(前回からの続き)
前述のことからアメリカでは、その通貨であるドルが、他国通貨、なかでも「円」に対して高くても安くても、どのみちインフレが激化していくしかありません。それは、こちらの記事に書いたとおり、FRBが利下げ(金融緩和)はもちろん利上げ(同引き締め)してもインフレを抑えられないのと同じことです。だからこそ、実際、上述の金(ゴールド)価格が利上げ開始時の2022年春の時点よりも政策金利5%超の現時点で史上最高値付近にあるわけですが・・・
かくしてドルは「終わりの始まり」すなわち、いよいよ第3コーナーを回って最後のインフレ(価値劣化)一直線コースに入ってきました(?)。そうなってしまったのは、まあ・・・双子の赤字(経常&財政)の拡大を放置し続けてきたアメリカ自身に最大の原因がありますが、他方でそれは・・・ドルに基軸通貨(≒石油交換券)としての価値を与えてきた1970年代初頭からの「石油本位制」、そして・・・それ以上に本質的に強力な、戦後ずっと機能してきた「日本本位制」がドルの信認を裏付け続けた(日本がドルの価値の減価を引き受け続けてきた)からこそ、かの国とドルは上記拡大を放置してきても、ここまで生き永らえてきた、ともいえる面があるわけです・・・
で、これでうまくいっていた?はずなのに、ここにきて「終わりの・・・」になった大きな要因は、やはり「アベノミクス」(日銀現行金融政策開始)以降のわが国の「体たらく」・・・の元凶である「円安」(ドル高)でしょう。
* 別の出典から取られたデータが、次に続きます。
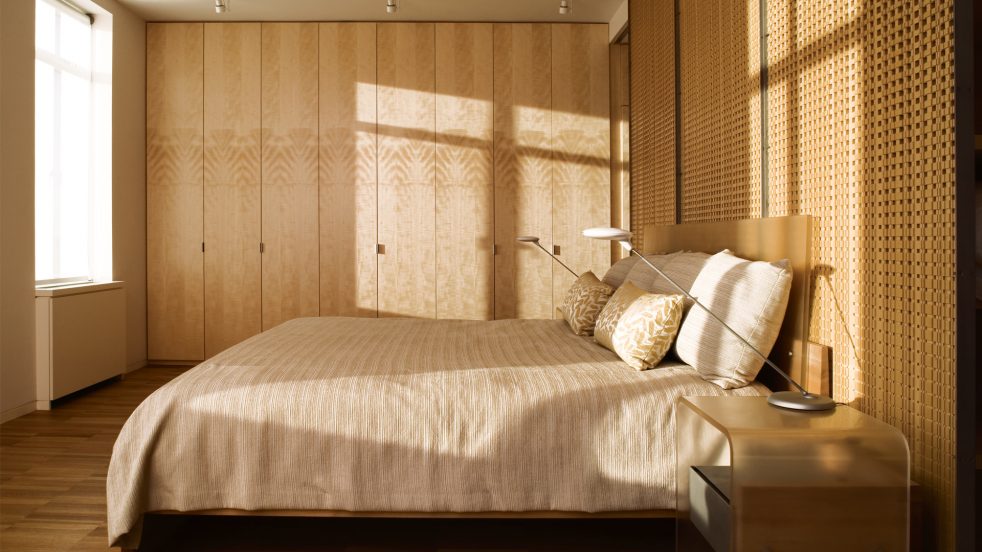 light casted onto bed in front of wooden screens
これが前述、そして、こちらの記事等に綴ったように、「日本本位制」の対米効力を失わせた、すなわちアメリカ(とFRB)を(ジャパンマネーの対米投資力減少等による)マネー不足(金利上昇圧力増大)に陥らせて「不動産本位制」(不動産等バブルでの錬金術)へと走らせ、もう二度とそれらの価格の下落に耐えられないように―――マネーを刷り続けるしかないように―――導いた、という次第ですね。
以前から指摘しているように、アメリカの「アキレス腱」―――外国に頼らざるを得ない国家的弱点―――は「金利」ですが、「円安」は結果的に、かの国が外国・・・って、ぶっちゃけ唯一の「同盟国」である日本を十分に頼れないようにすることで、その「アキレス腱」を脆弱化させた―――「金利」(インフレ)コントロールを失わせた―――かたちとなりました。そのあたりこそ、もはや「日本本位制」で日本がドル減価という巨大損害を食らい続けるのはゴメンだ!という強い国家的意志のもと、日銀の上記政策の真に秘めた「本当に本当の目的」(アメリカにインフレを起こさせて自壊させること)なのですが(?)、まるでその逆、つまりドル高誘導によるアメリカ&ドルの支援こそがその「本当の目的」であるかのように振る舞っているのが・・・本邦政府&日銀の役者なところなんですけどね・・・(???)